# 400 amp service



## Dennis Alwon (May 9, 2009)

I guess it depends on where the generator will be set-- if the generator is at the house then just install the transfer switch at the house and bring the wires feeding from the barn into it.


----------



## ctsparky (Dec 4, 2013)

The generator is next to the barn


----------



## Dennis Alwon (May 9, 2009)

ctsparky said:


> The generator is next to the barn


Is there a disconnect at the barn for the house? If so come out of that to the transfer switch and bring the feeder going to the house into the transfer switch.


----------



## Pharon (Jan 20, 2014)

Seems like an easy enough set up. Wouldn't you just run from the emergency line side of the ATS to the gen, from the normal line side to the incoming 200A feeder that was going to the panel, and the from the load side of the ATS to the panel?


----------



## sbrn33 (Mar 15, 2007)

I would set the ATS at the barn by the generator also. Then you will have no trenching or ling conduit runs.


----------



## ctsparky (Dec 4, 2013)

yes that is making more sense to me now. 

I have another post asking about a 400 amp service, wondering if I can ask here.
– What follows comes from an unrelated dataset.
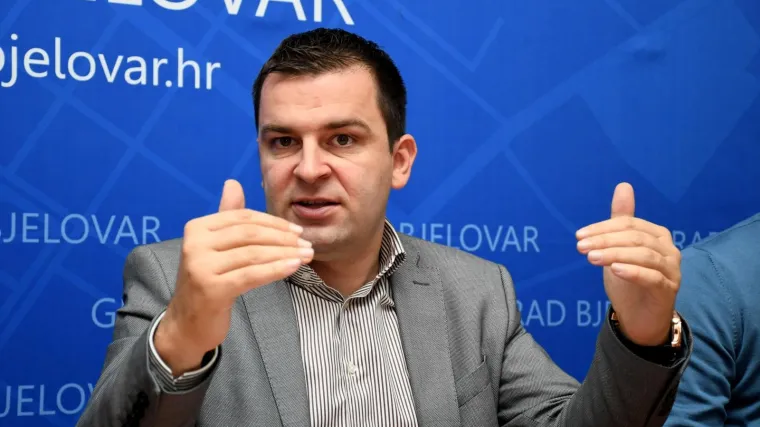 Zastupnik koji je Plenkoviću spasio većinu: 'Jučer sam se testirao i rezultat je ponovno negativan'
Customer has 20kw Kohler generator and a 400 amp service, I told em to get a 400 ATS. Will the 20kw generator support the house? Is there a chance he can burn up the generator do to the size of the service?


----------



## sbrn33 (Mar 15, 2007)

You should be fine. The generator is protected. You only going to take the feed to the house through the ATS anyway. Your really only working with 200 amps of it. Is the house all electric?


----------